Working on the New American Bread Line

Submitted By John Coster

 

I live in a small New England Town that is home to the state university and close to several prominent colleges. Many residents think of themselves as “progressive”, but the term belies a deeper tradition of anti-authoritarianism. This is an area where even before the shots were fired at Lexington, local farmers were forcibly driving out British administrators and tax collectors. Then, in the immediate aftermath of the Revolutionary War, it was here that former patriot soldiers took up arms again to halt the harsh treatment of debtors by the courts and stop an epidemic of foreclosures. Those actions comprised  the conflict known as Shay’s Rebellion. Later, in the 19th century, this and neighboring towns in Massachusetts became part of the underground railway, slavery opponents having been active in the region for a long time.
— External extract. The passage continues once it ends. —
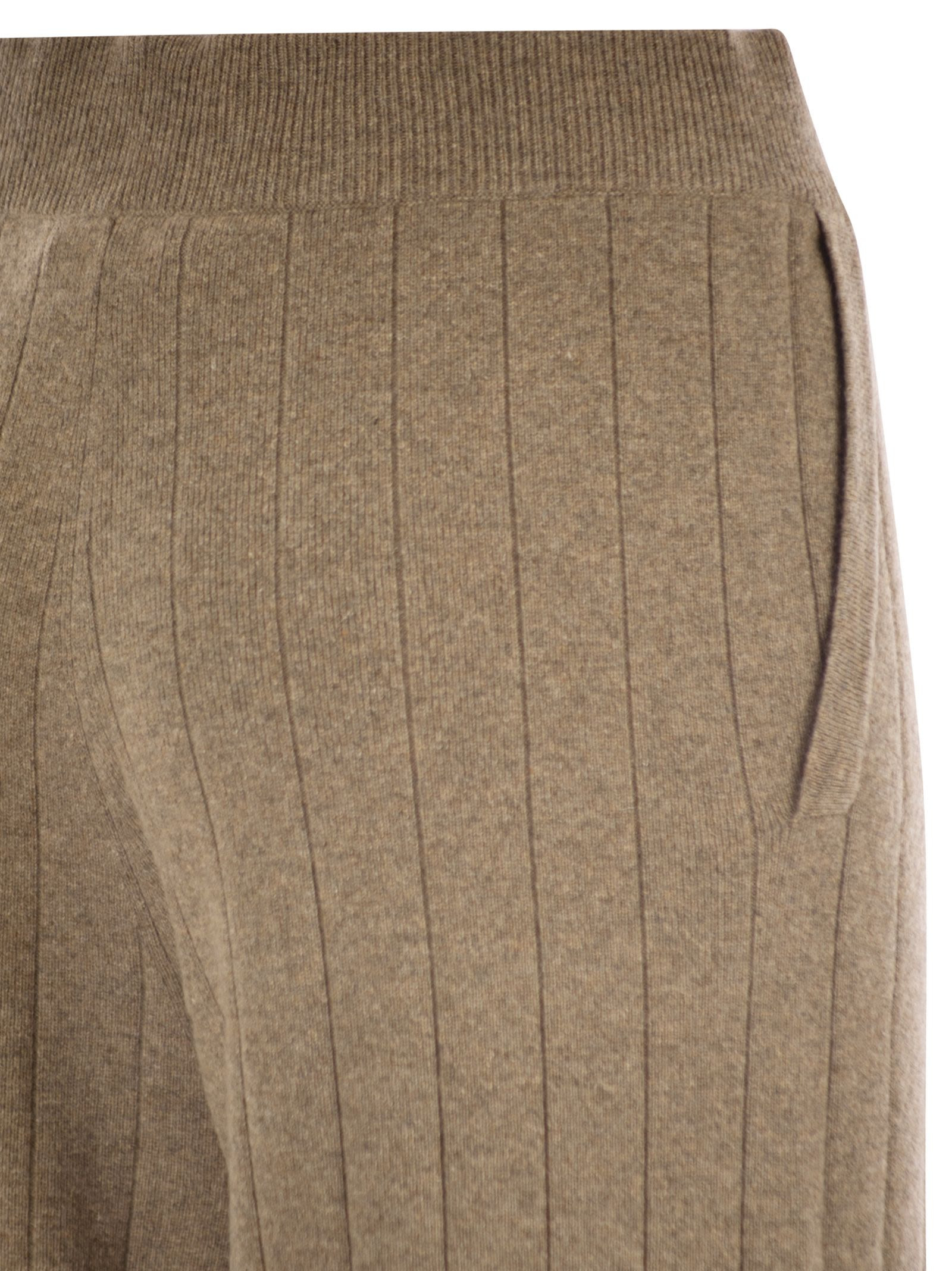 Maxmara Women Jardin - Cashmere Yarn Trousers - 4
Indeed, when Washington came to Massachusetts to command the siege of Boston, he was surprised to find free blacks among the veterans of Bunker Hill. So, in our better moments, I think we in this region benefit from a cultural open mindedness that is not seduced by the dogmas of left and right. It was a fine thing to see local Yankee grandmothers standing shoulder to shoulder with some of the more radical students occupying the main branch of the Bank of America the year before last.
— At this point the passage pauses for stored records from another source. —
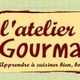 Cours de cuisine L'atelier Gourmand : Autour des macarons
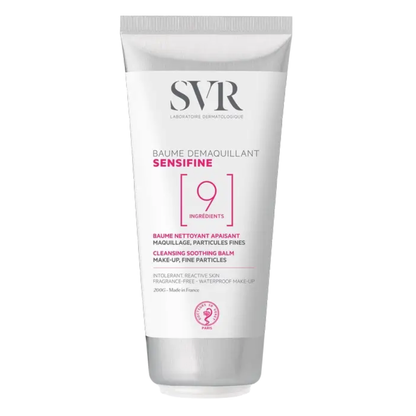 Baume démaquillant Sensifine
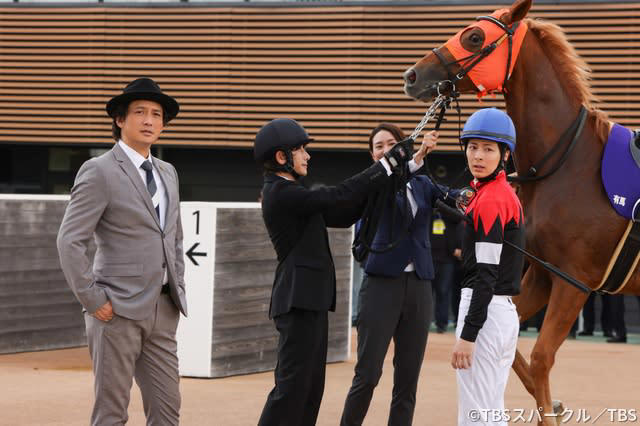 “乗馬ライセンス”が役作りに生きた瞬間, 鞭さばきの裏側――自宅でも続けた練習法, 応援シーンに込められた熱量と、役者としての不思議な感情, 第6話で訪れる転機――チーム山王に何が起きる？, 第6話あらすじ（11月16日放送）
Very early every Wednesday morning, I drive or catch the first bus to town, and meet my friend Mr. K at the local senior center. Our job is to drive a community van to Whole Foods and pick up groceries that would otherwise be wasted and bring it to the center for distribution. The food is perfectly good, at or near its expiration date or simply being disposed of because newer items have arrived and the store is overstocked. Whatever is too far gone we send to local farms to feed chickens and pigs. Mr K came to America from Iran 40 years ago. His children were born and raised here and are successful professionals. He is horrified by the way American media portray his homeland and hopes to return once more to see his aging father. Though in his early seventies, he is strong and quick, and we pack the van with heavy crates in just a few minutes. Some of his family comes from a mountainous region which must be very beautiful and seems to breed hardy souls. His grandfather died at 114, sitting in his favorite chair, so peacefully that no one knew exactly when he had passed away.
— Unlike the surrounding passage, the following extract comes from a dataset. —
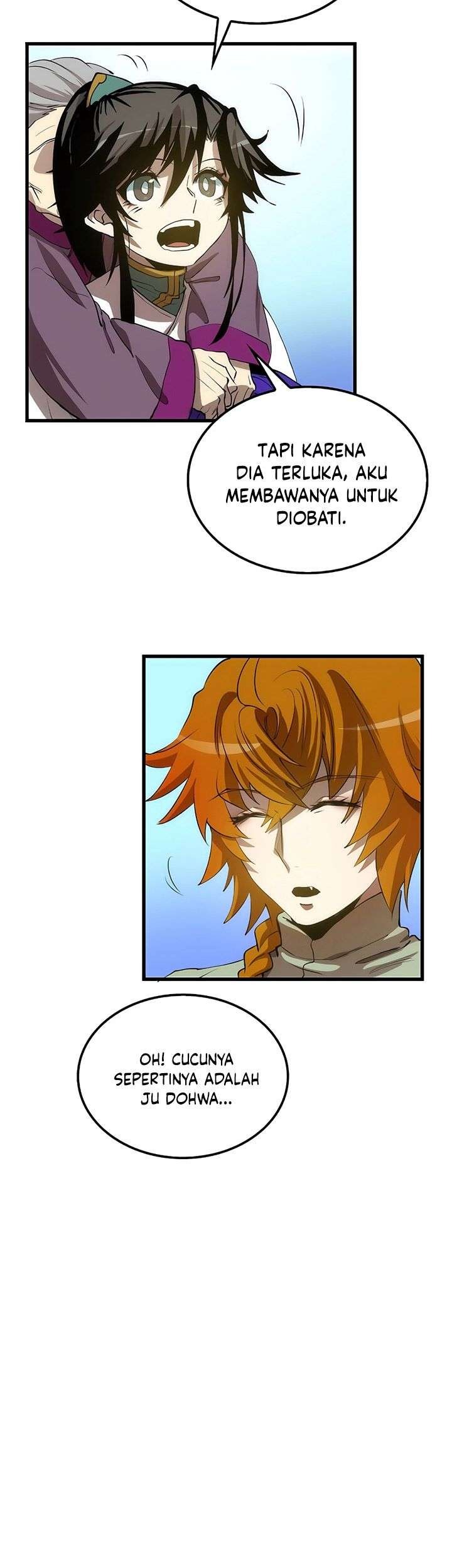 Doctor’s Rebirth Chapter 44 - halaman 35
Back at the center, we set up the different categories of food, working with other volunteers, some of whom have come in with products from other stores or local farms, wherever there is a surplus that would otherwise go to waste. Based on how many  people we expect, we assign numbers to the different items, designating how much of each a person may take. In each category there is usually a wide variety of choices and always a surplus of high quality bread because there are several excellent local bakeries in the area. The majority of the food is organic and in a place like New York City would be extremely expensive. Each volunteer can take a share, and it’s a big help to our personal budgets. I am able to share my take with a few friends and one very elderly man, a WW 2 vet whose savings were devastated by the recent collapse of some over-leveraged municipal bonds.  Extra food that remains after the distribution goes to local churches that offer free meals on designated days.

The volunteers are mostly middle aged, though from a wide variety of backgrounds, more women than men which doesn’t surprise me. We have a program director, a no nonsense woman, who keeps the workflow going and a number of lively characters whose jocularity laces the hard work with a fair amount of laughter, most like the kind of fellowship I’ve only found before on a football team or when working with a carpentry crew. There’s a certain Ms. D who always abandons the walker I see her using around town to man the door as Mr K and I bring in the heavy crates of produce. She’s a fine one for wise cracks and I can easily imagine her having had a career as a stand up comic. Another more boisterous of the ladies once ran a successful business and is particularly welcoming to the folks passing through the line, almost as if she were a waitress at some restaurant, pointing out the different choices on today’s menu. She lives somewhere out of town in a house she owns, and I once heard her mention something about her “parole officer”.  I wonder what the hell she could have done to offend the state.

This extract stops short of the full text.